The Sports Business Journal is getting ready to hand out its annual Sports Business Awards (why these can't be called the "Sporties" or the "Bizzies" is just beyond me, but that's an issue for another day), and the Big Ten has made its presence known.
In the Athletic Director of the Year category, two of the five finalists nominated are Big Ten ADs. In fact, they're not too far from each other. Michigan AD Dave Brandon and Michigan State AD Mark Hollis were both cited by the SBJ.
The Big Ten is the only conference with two ADs nominated; the other three entrants are from Arkansas, Baylor and the Big East.
Who's your AD of the Year?
Brandon was hailed for his diversification of the Michigan fan experience, bringing night games and hockey games to Michigan Stadium and embracing the alternate uniform as a means of generating excitement and apparel revenue. His hiring of instant success Brady Hoke and the Wolverines' resurgence in basketball certainly don't hurt matters either.
Meanwhile, Hollis has overseen arguably the most unparalleled growth in Big Ten football prominence of the last decade at Michigan State. The Spartans, under head coach Mark Dantonio, have reached double-digit wins in two consecutive years after only two such seasons in the program's entire history. The Spartans were three points away from reaching the Rose Bowl for the first time in almost 25 years in 2011; it would have been just the second trip since 1965.

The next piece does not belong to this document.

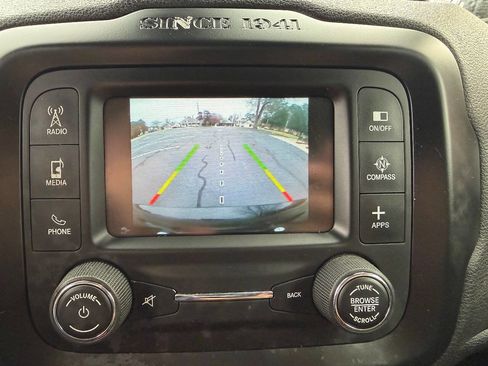 Used 2016 Jeep Renegade Trailhawk w/ Popular Equipment Group image 17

Now, a little real talk: Arkansas AD Jeff Long probably deserves this award, as no single act by any nominated athletic director comes close to Long's impassioned and principled firing of Bobby Petrino. Long pulled no punches and didn't obfuscate on matters that could have been seen as potential embarrassments to the University of Arkansas and its athletic department.
Granted, it's not difficult to point out moral failings in Petrino's conduct. But speculation had been persisting that perhaps Petrino would be able to keep his job after the fateful crash and that Petrino's coaching successes could prove too valuable for Long to get rid of. Long, obviously, had other ideas.
Past that, though, it's extremely difficult to choose a better AD between Hollis and Brandon—especially based on the health of both college football programs relative to when their current coaches were hired. If either coach had said at his hiring that he thought he'd be bringing in 11 wins by 2011, there would have been an extreme level of skepticism from all observers. But both have made it happen, and that's a testament to the athletic departments that Hollis and Brandon are leading.